The HTC One has a 4-megapixel rear-facing Ultrapixel camera (2688 x 1529 pixels) with a 1/3-inch sensor size and f/2.0 aperture. Other features include LED flash, autofocus, optical image stabilisation, video stabilisation, and simultaneous HD video and image (1080p at 30fps or 720 at 60fps). It also has a 2.1-megapixel front-facing camera with HDR capability.
This round is tied, kind of. Both phones have fancy marketing names for their camera sensors, claim to offer superior low-light performance, and sport a swathe of camera features. However, in our testing, we liked the HTC One's pictures better.
The Moto X has no card slot, but it does have 16/32GB of internal memory and 2GB of RAM. It also features HSDPA, LTE, Edge, Wi-Fi, Bluetooth, NFC, and it has ports for Nano SIM, Infrared, USB, and microUSB. Other features include a Qualcomm Pro Snapdragon chipset, dual-core 1.7GHz Krait CPU, Adreno 320 GPU, a swathe of sensors, GPS, and a Li-Ion 2200 mAh battery.
The HTC One has no card slot, but it does have 32/64GB of internal memory and 2GB of RAM. It also features HSPA+, LTE, Edge, Wi-Fi, Bluetooth, NFC (depending on market), and it has ports for microSIM, Infrared, USB, and microUSB. Other features include a Qualcomm Snapdragon 600 chipset, quad-core 1.7GHz Krait 300 CPU, Adreno 320 GPU, a swathe of sensors, GPS, and a Li-Po 2300mAh battery.
The HTC One wins this round. It has a faster chip, better battery, and greater storage options.
The HTC One will get KitKat, the latest version of Android, sometime in January, while the Moto X ships with it. The HTC One also runs HTC Sense UI, which we don't think is better than stock Android.
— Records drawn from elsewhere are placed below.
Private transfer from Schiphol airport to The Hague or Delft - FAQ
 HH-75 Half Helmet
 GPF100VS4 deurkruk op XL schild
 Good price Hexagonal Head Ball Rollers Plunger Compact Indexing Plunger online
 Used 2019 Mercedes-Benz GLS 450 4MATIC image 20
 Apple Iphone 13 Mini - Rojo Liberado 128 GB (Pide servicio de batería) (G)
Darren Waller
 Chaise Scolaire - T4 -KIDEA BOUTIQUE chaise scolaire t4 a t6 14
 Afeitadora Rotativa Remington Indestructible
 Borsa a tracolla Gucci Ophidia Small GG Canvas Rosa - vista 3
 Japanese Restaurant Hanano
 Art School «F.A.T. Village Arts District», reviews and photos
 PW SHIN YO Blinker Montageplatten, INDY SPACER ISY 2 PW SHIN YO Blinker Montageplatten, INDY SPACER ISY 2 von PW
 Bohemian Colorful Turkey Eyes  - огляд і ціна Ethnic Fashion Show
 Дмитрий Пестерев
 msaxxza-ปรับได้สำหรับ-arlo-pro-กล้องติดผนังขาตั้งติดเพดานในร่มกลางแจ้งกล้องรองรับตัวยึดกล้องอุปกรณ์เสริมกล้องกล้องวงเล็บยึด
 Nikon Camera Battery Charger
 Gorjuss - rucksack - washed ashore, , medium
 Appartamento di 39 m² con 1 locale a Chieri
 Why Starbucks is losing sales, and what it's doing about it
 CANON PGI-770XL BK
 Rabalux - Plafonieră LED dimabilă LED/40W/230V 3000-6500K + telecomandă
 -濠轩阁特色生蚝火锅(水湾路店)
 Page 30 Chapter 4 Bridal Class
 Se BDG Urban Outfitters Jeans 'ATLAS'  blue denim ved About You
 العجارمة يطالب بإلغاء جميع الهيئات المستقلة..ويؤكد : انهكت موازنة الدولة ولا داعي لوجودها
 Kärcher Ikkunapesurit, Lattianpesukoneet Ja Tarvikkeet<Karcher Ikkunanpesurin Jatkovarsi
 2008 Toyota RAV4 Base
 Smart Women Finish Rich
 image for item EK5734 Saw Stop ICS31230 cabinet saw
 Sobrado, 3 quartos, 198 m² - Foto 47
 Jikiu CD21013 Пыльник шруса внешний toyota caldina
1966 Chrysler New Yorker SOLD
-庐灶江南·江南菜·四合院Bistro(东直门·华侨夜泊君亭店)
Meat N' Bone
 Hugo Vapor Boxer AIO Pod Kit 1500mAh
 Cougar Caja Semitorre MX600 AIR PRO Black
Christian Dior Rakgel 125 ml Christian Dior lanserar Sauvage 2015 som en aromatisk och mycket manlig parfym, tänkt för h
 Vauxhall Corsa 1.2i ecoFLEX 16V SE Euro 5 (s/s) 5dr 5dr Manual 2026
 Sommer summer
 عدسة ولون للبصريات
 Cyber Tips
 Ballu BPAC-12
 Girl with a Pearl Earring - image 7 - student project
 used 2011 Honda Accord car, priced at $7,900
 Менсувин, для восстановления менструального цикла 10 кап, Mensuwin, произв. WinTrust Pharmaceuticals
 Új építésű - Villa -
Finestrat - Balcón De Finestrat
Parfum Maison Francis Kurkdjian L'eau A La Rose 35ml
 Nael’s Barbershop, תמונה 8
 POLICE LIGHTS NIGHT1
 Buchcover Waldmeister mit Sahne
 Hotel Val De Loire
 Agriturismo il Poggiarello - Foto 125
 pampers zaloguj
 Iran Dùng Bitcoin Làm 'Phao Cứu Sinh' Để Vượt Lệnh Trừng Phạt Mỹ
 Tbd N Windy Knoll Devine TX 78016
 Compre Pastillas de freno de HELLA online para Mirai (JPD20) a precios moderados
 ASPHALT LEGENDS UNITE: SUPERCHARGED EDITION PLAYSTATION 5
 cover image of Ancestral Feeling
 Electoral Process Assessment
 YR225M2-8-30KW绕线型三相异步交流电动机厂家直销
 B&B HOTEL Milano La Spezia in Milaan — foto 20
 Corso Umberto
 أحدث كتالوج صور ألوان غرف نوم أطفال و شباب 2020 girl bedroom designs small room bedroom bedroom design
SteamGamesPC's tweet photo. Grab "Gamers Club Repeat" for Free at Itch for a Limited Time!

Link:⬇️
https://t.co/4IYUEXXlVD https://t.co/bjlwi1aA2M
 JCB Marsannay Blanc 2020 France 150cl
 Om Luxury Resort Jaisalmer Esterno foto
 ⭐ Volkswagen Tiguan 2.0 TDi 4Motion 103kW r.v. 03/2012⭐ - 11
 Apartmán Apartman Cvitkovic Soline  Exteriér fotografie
The Moto X doesn't run stock Android either, really. It features a few software additions (such as Touchless Control, a new camera app, and Active Display), but there is no manufacturer overlay.
Moto X wins this round. It offers pure-ish KitKat. And that's definitely better than cloaked Jelly Bean.
The Moto X won two rounds. The HTC One won two rounds. And two rounds were tied. That makes these two devices a complete draw.
However, Pocket-lint won't leave you still confused as to which one to get. You just need to think about what you want in a device. If you want a budget-friendly, customisable, nearly stock Android device, go with the Moto X. If you want a pricey, high-end powerhouse with a software overlay, go with the HTC One.
It's your money. Spend it the way you want.